On Wed, Sep 27, 2017 at 09:50:10AM -0400, Chet Ramey wrote:
On 9/26/17 10:02 PM, Larry McVoy wrote:
Yeah, but still doesn't answer the question,
application-wise.?? I'm gonna
guess (without digging through the source) that it's a "dup2(0, 255)*" or
something, to "save" a copy of stdin/out/err for some obscure reason.
I already answered this.
OK, I'm gonna be that guy because I've learned when I ask, I learn.

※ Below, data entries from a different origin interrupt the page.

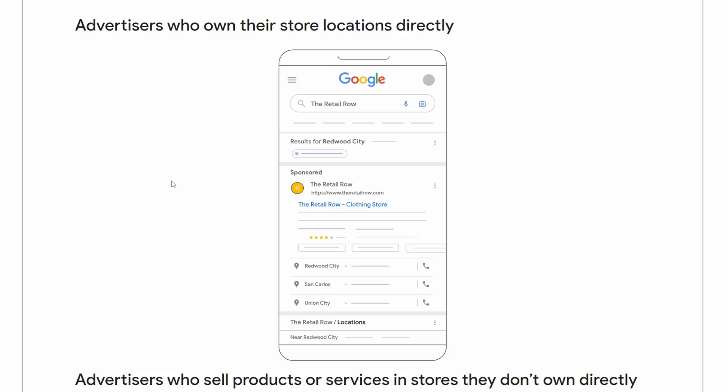Alright, so in this video I'm going to show you how you can set up your business location in Google Ads so that you can get local traffic coming to your business. So let's take a look.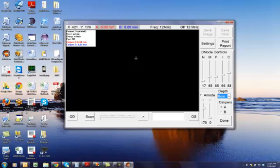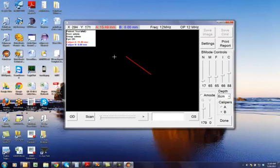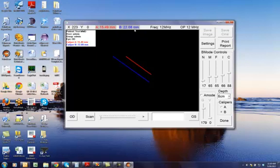The calipers are used to taking measurements. There are two calipers, caliper A, which is in red, and caliper B, which is in blue. They give you the measurements that you can make on the image.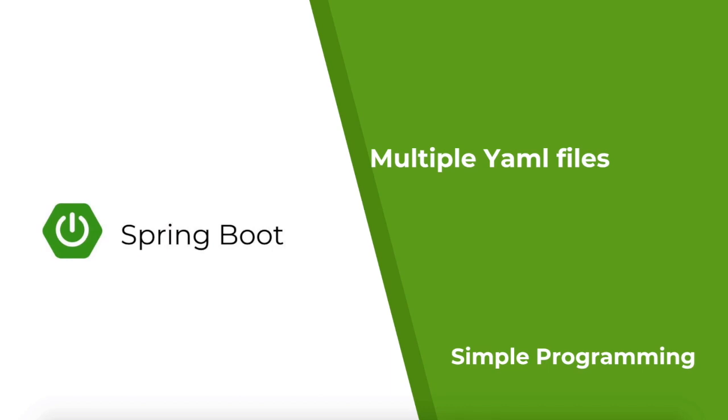Hi guys, welcome to Simple Programming. In our previous example we looked at a simple property structure and a complex property structure and how to map them to a Java object.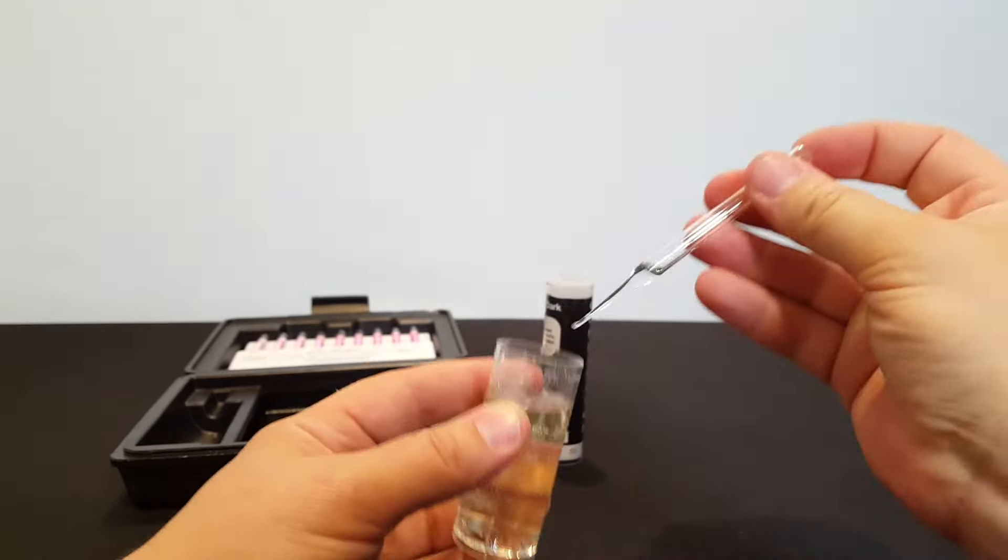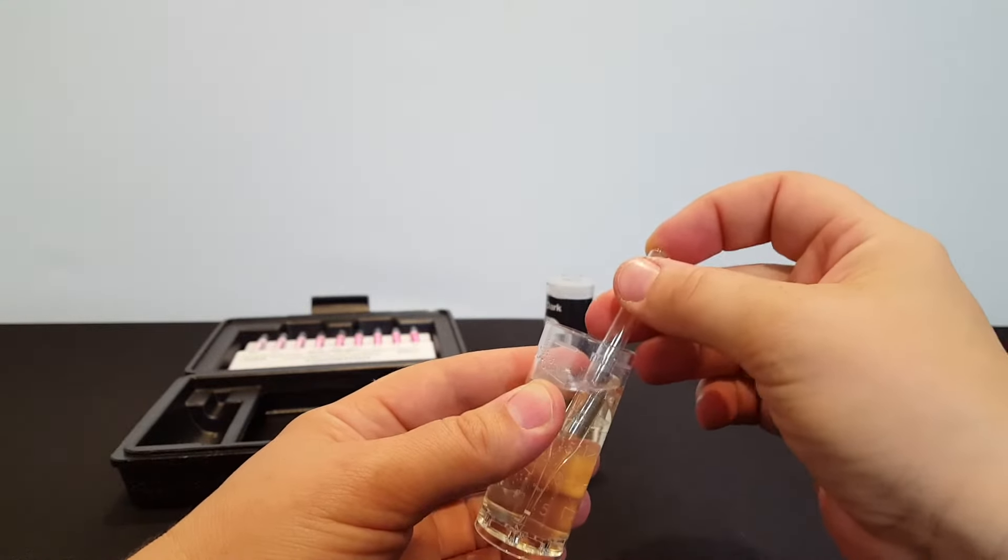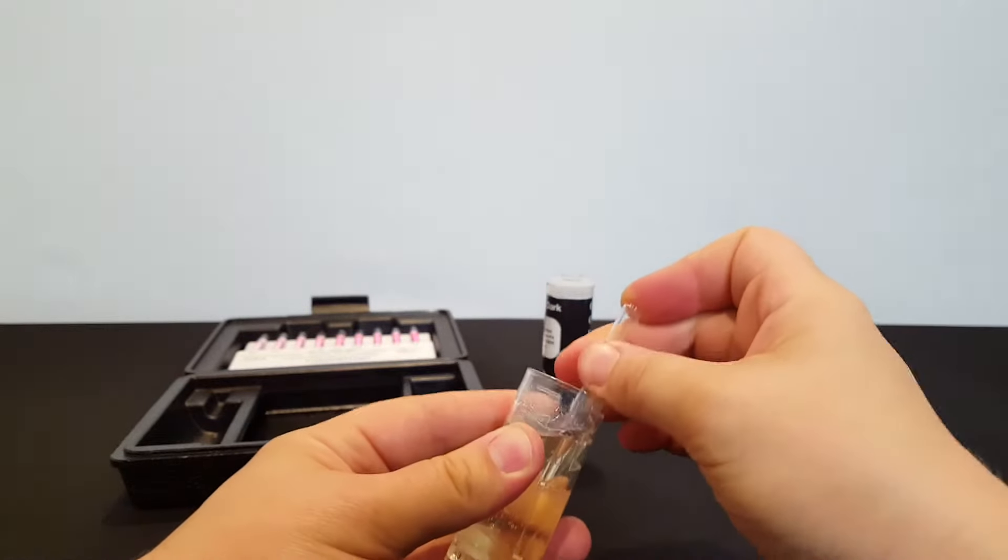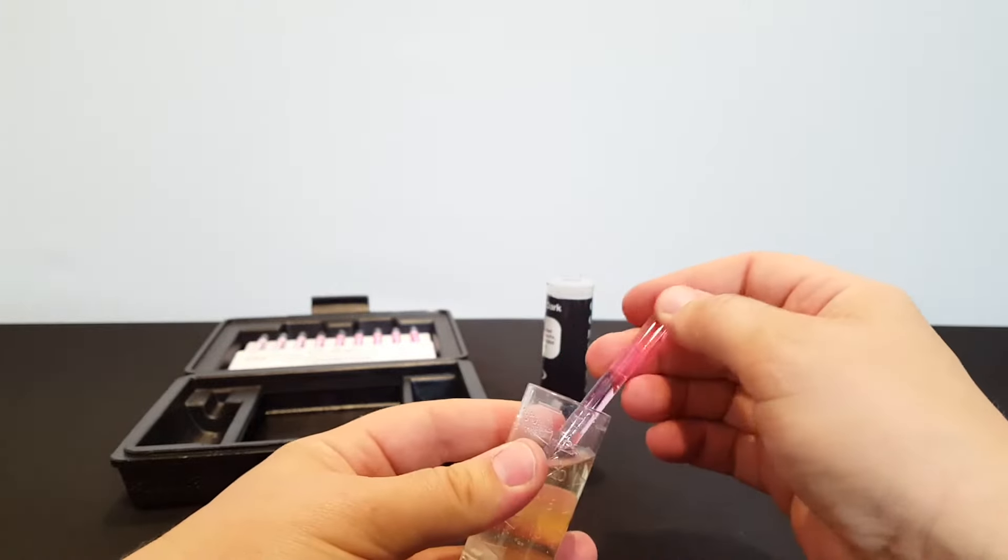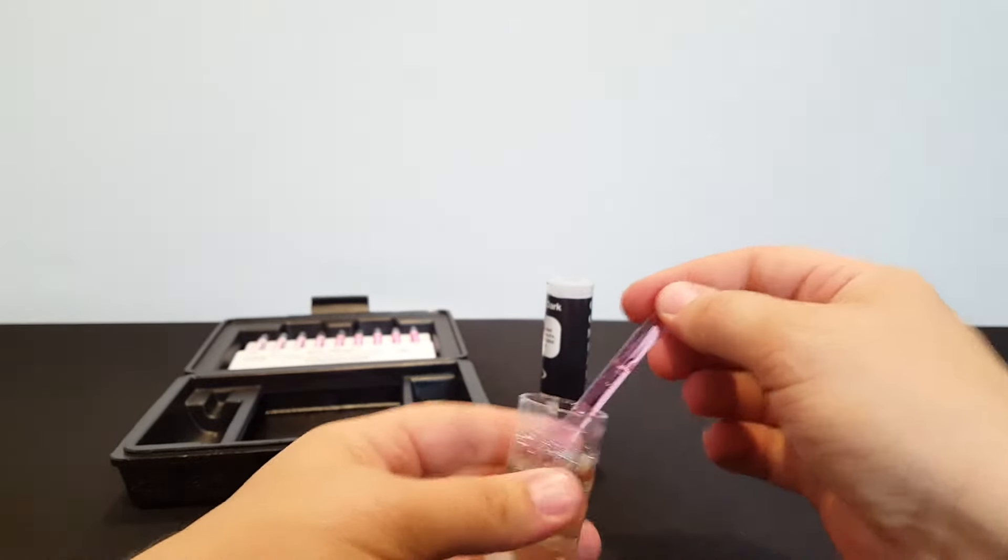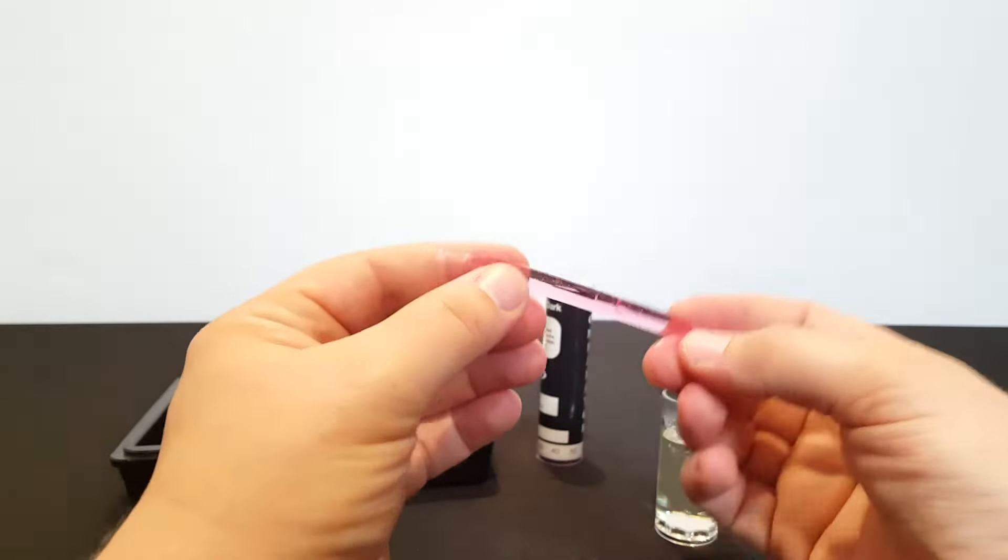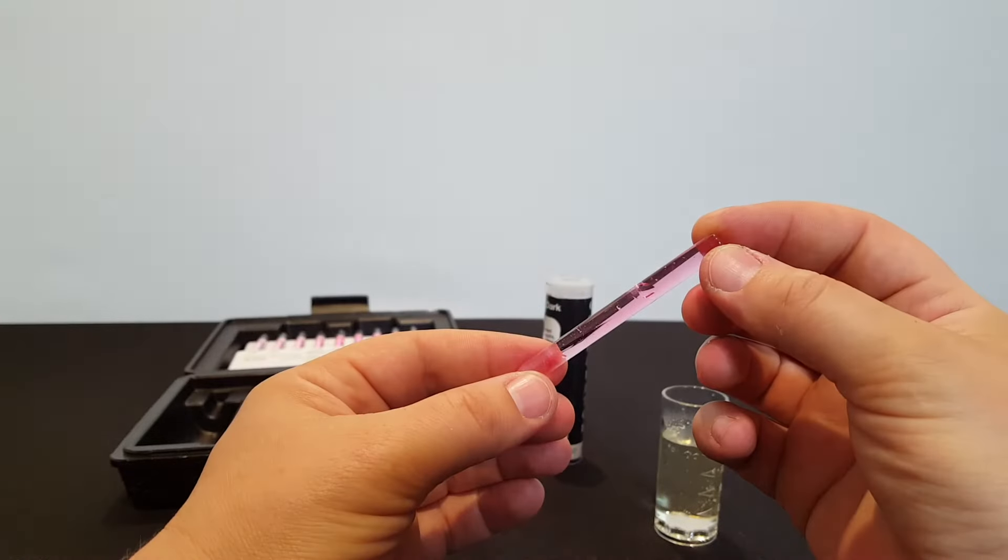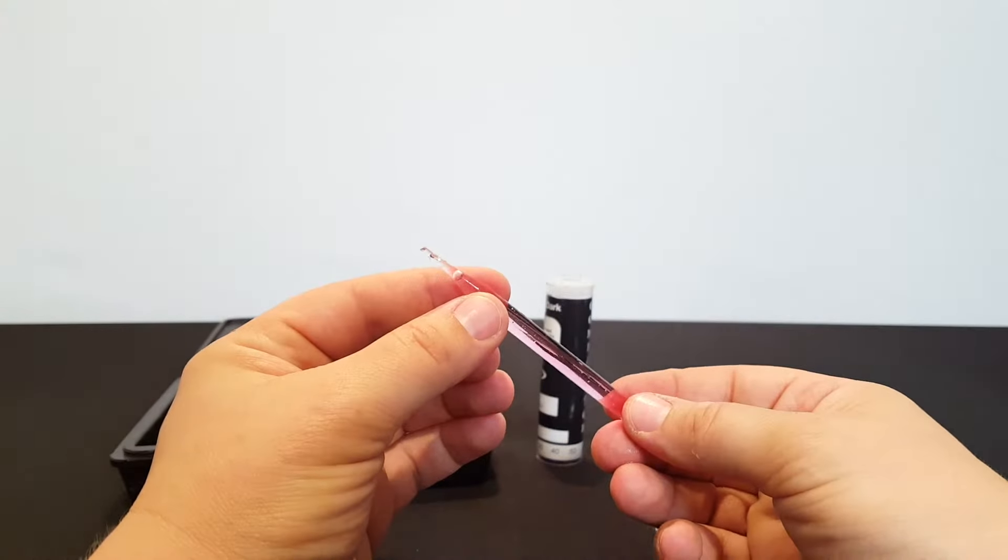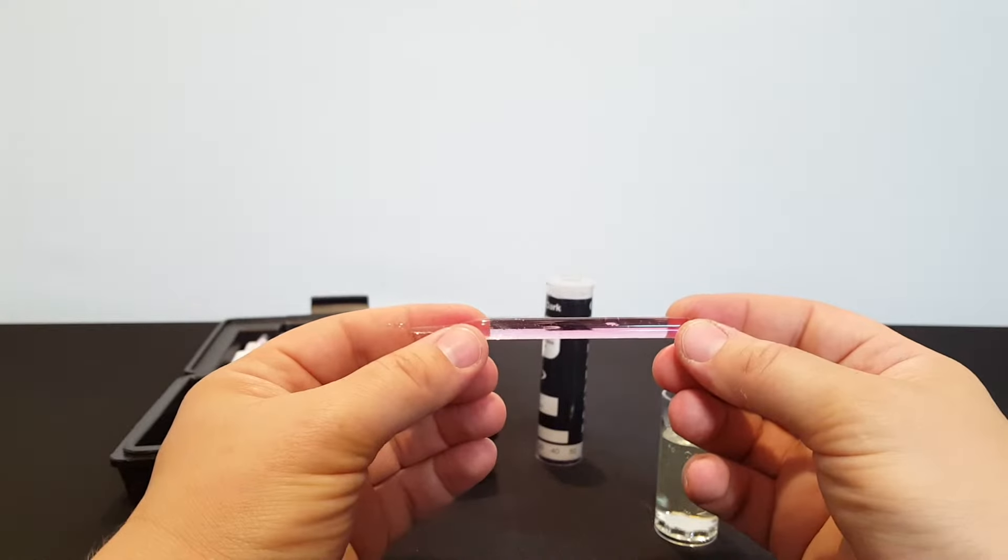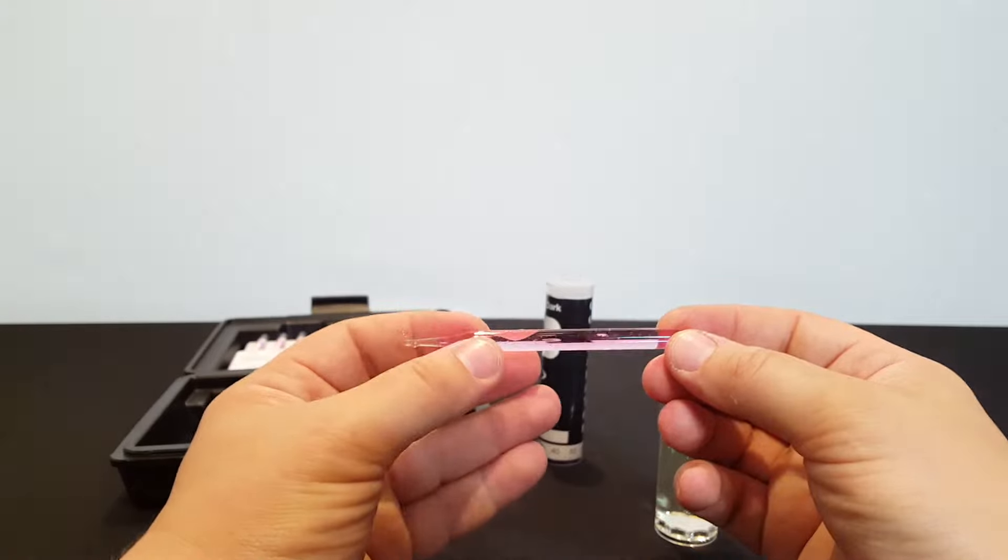So pick up the ampoule, you swirl it a few times, you snap off the end. When you snap off the end, it's vacuum sealed on the inside, so it instantly draws the sample up into the tube. You'll want to tilt it back and forth and move that bubble back and forth to make sure it's thoroughly mixed.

You answered but I didn't get any insight. Why have an extra fd talking
to the tty? bash has 0, 1, 2 talking to it. If it were redirected
would it have 255 pointing to some random tty? I don't get the reason
for the extra fd.
OK. The only way to guarantee you have a descriptor open to your
controlling terminal is to open /dev/tty yourself. You can run `bash -im'
and have yourself an interactive shell with job control enabled no matter
where stdin/stdout/stderr point, and they can be redirected at any point
during execution, so you can't count on them. But why do you have to have
the fd in the first place?
All the tty stuff wasn't my question, I get all that, I did POSIX conformance
in SunOS, there was a time when I dreamed about setsid() et al :)
ksh93 uses fd 2 no matter what, so you don't get
job control if you
redirect stderr away from the terminal.)
So that's the behaviour I'm used to (dating myself but this is TUHS so...)
My question really was why use an extra fd? If I run
bash something > /dev/null 2>&1
duh. ksh93 wouldn't let you ^Z that, eh? OK, makes sense, I hadn't
thought it through. Sorry for the brain fart.